Nepal sits uneasily on the shoulder of the southern Himalaya, wedged between China to the north and India to the south. In length and breadth it is just another small country but in height, it's a world-beater. Not only does it have the world's tallest mountains, including the cloud-hugging Everest and Annapurna, they're also the youngest - and still growing. Apart from its four mountain ranges - Chure Hills, Mahabharat Range, Himalaya and the Tibetan Marginals - Nepal also has vast plains in the south, fertile valleys in the midlands and high-altitude deserts in the north. The heavily cultivated belt between the Mahabharat Range and the Himalaya supports the bulk of the country's population.

There are over 6500 species of trees, shrubs and wildflowers in Nepal. The height of floral glory is in March and April when rhododendrons, the national flower, burst into colour.

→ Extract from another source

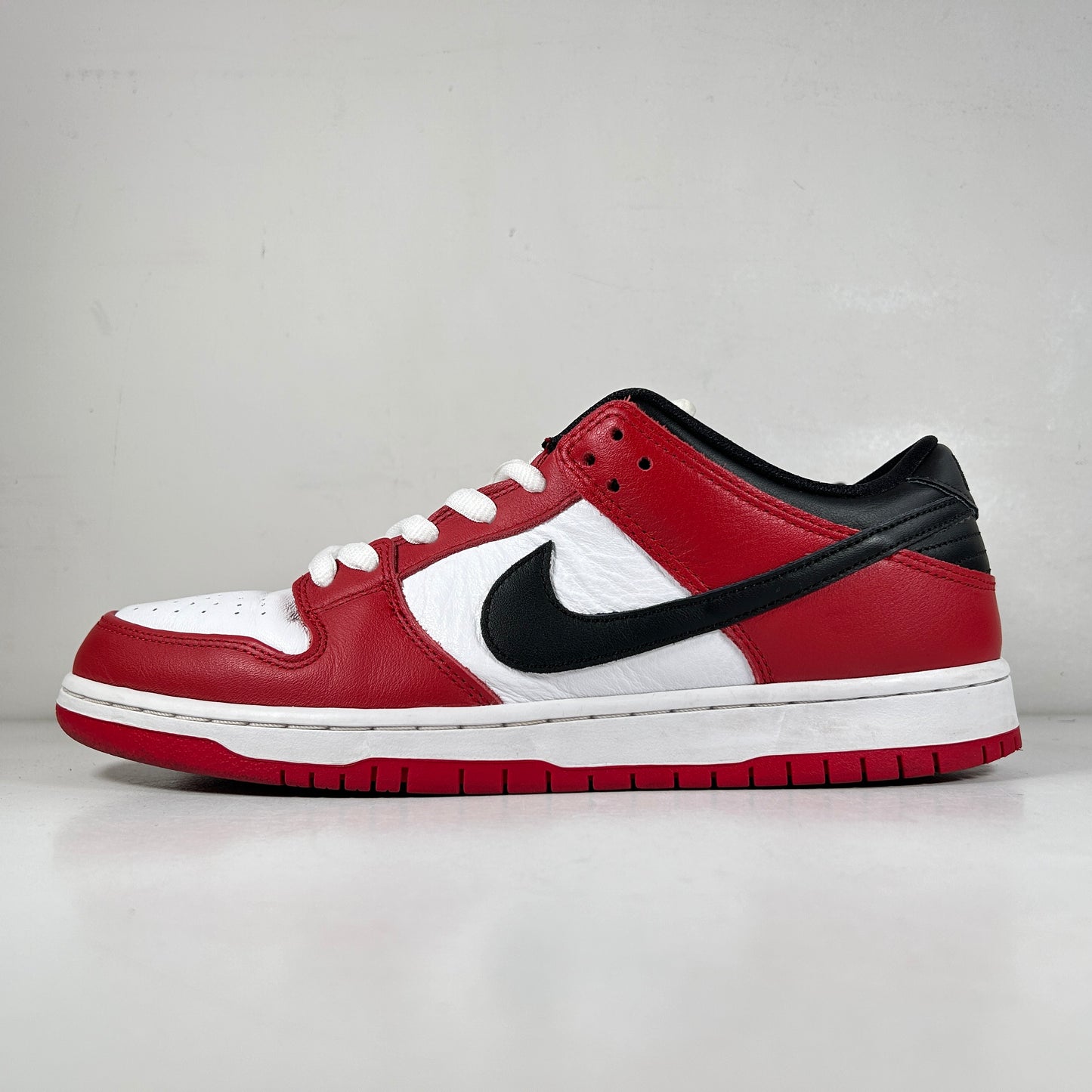 BQ6817 600 Nike SB Dunk Low J-Pack Chicago [USED] - 11.5 M (Used)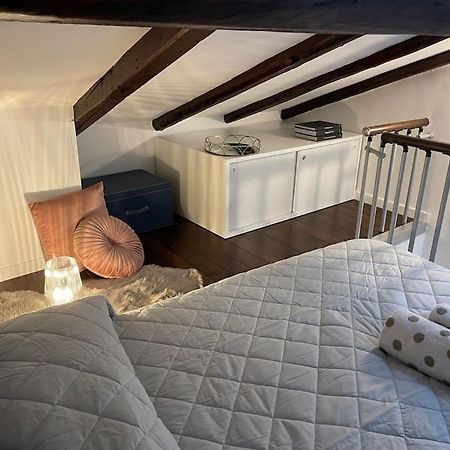 Accademia Love Apartment Bergamo Luaran gambar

Nepal also boasts an astounding diversity of animal life, with 800 bird species and exotic mammals such as the royal Bengal tiger and snow leopard, as well as rhinoceros, elephant, bear, deer, monkey and jackal. Unfortunately, due to habitat degeneration and poaching, opportunities for seeing wildlife are usually restricted to national parks, reserves and western Nepal, where the human population is sparse.

Nepal has a typically monsoonal two-season year: the dry season (October to May) and the wet season (June to September). The monsoon affects the whole country, often flooding the southern plains, before tailing off as it moves away to the north and west. Temperatures vary but are generally hottest in the summer months of May and June and coldest during December and January.

Climatic factors are very important in deciding when to visit Nepal. October-November, the start of the dry season, is in many ways the best time of year: the weather is balmy, the air is clean, visibility is perfect, and the country is lush following the monsoon.

February-April, the tail end of the dry season is the second-best period: visibility is not so good because of dust, but the weather is warm and many of Nepal's wonderful wild flowers are in bloom. In December and January the climate and visibility are good but it can be chilly: trekkers need to be well prepared for snow, and cheaper hotels in Kathmandu - where heating is nonexistent - can be gloomy in the evening. The rest of the year is fairly unpleasant for travelling: May and early June are generally too hot and dusty for comfort, and the monsoon from mid-June to September obscures the mountains in cloud and turns trails and roads to mud.